[Information shown Boundary: Start]

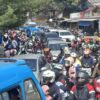 Polisi Terapkan One Way Urai Kepadatan Lalu Lintas di Puncak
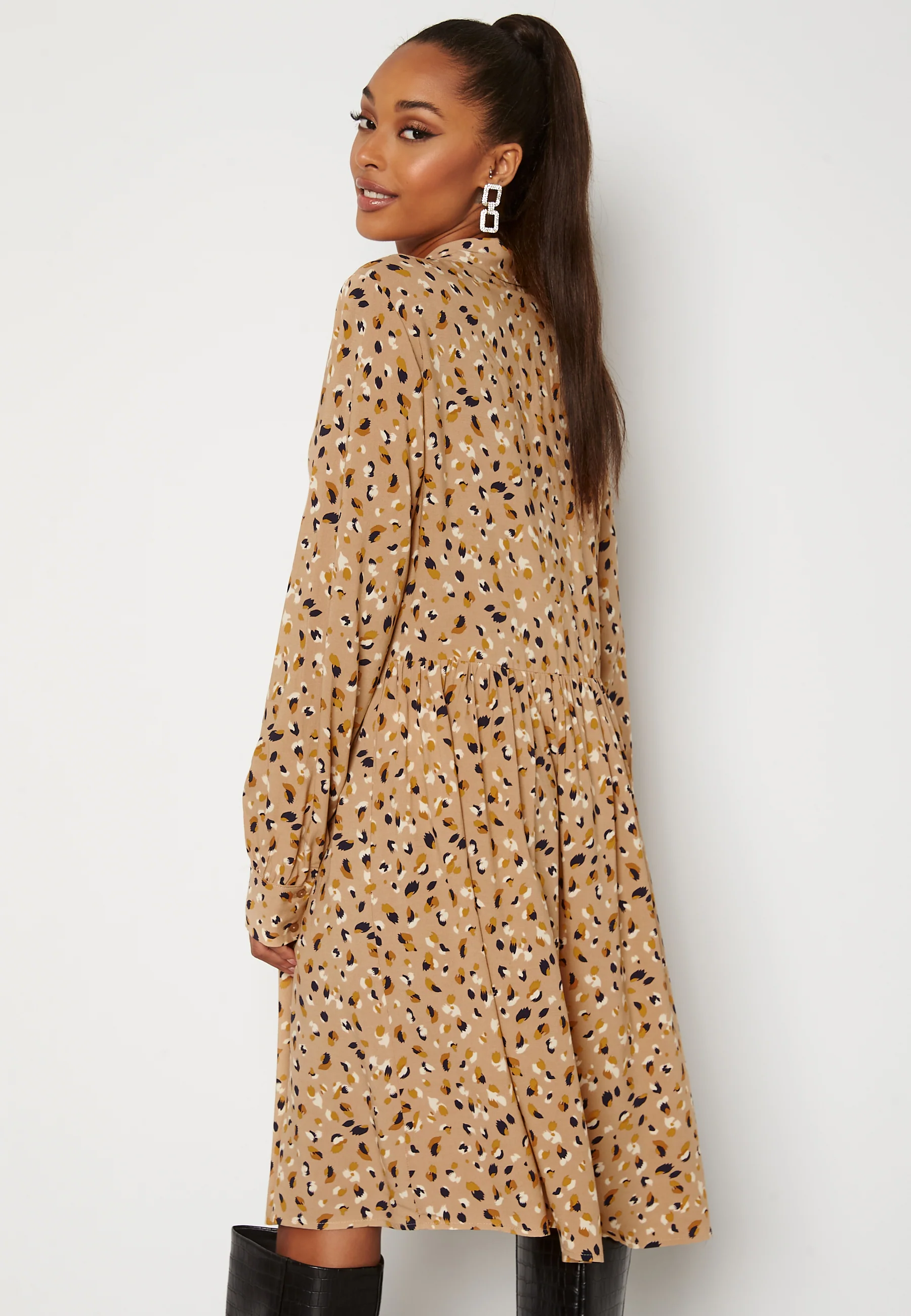Lorena L/S Dress - Image 3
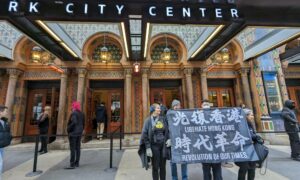 Protesters Warn Hong Kong Ballet Performance is China United Front Work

[Information shown Boundary: End]

Would you return the material above exactly, apart from its pictures?

 Polisi Terapkan One Way Urai Kepadatan Lalu Lintas di Puncak
Lorena L/S Dress - Image 3
 Protesters Warn Hong Kong Ballet Performance is China United Front Work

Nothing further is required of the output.